Malpractice claim advances

Lawyer allegedly failed to cite in opinion letter newly proposed zoning law changes. Santo Nostrand LLC contacted an attorney at Cozen O’Connor to advise on whether it could build a Walgreens store and parking lot on a specified parcel of land in Bedford-Stuyvesant, Brooklyn. The attorney issued an opinion letter on May 24, 2007, which stated that Santo could construct the store and parking lot in conformity with current zoning laws. The Department of City Planning, however, had given public notice of its proposal to rezone the area on May 7, 2007, 17 days before the date of the opinion letter.

Allegedly relying on the letter, Santo secured several loans to buy the land and develop the site, but later found that the City Council had approved a rezoning in October 2007 that changed the zoning of the property and prevented Santo from developing the parking lot according to Walgreens’ specifications. Santo sued the attorney and Cozen O’Connor for legal malpractice and breach of contract, claiming that the attorney should have informed Santo of the proposed rezoning in the opinion letter.
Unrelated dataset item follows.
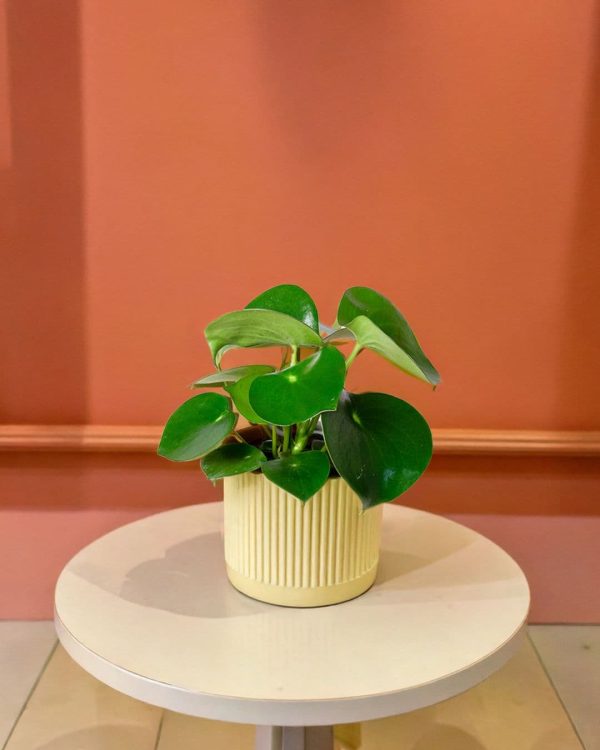 pilea raindrop contexto mesa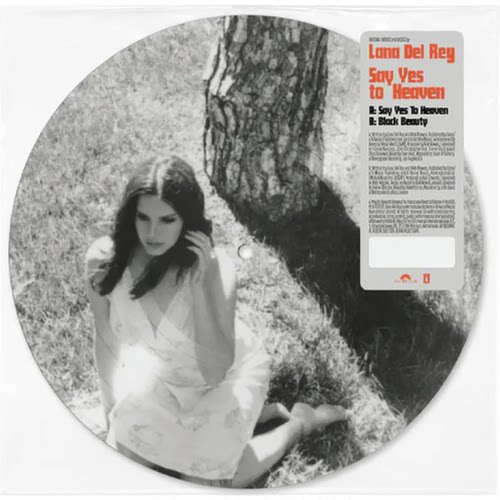 拉娜德雷 Lana Del Rey Say Yes to Heaven 7寸画胶 1LP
Justice Eileen Bransten allowed the legal malpractice claim to go forward, finding that Santo had alleged enough facts to establish a cause of action. The court also found that disclaimers in the retainer agreement and opinion letter did not excuse the attorney from researching pending changes to zoning laws. Justice Bransten added that, even if the retainer agreement or opinion letter attempted to limit liability on this issue, the alleged failure to check for and apprise Santo of pending zoning law changes could have constituted malpractice.

Santo Nostrand LLC v. Cozen O’Connor, Index No. 602415/08 (N.Y.Cty.Sup.Ct. July 14, 2009) (Bransten, J.).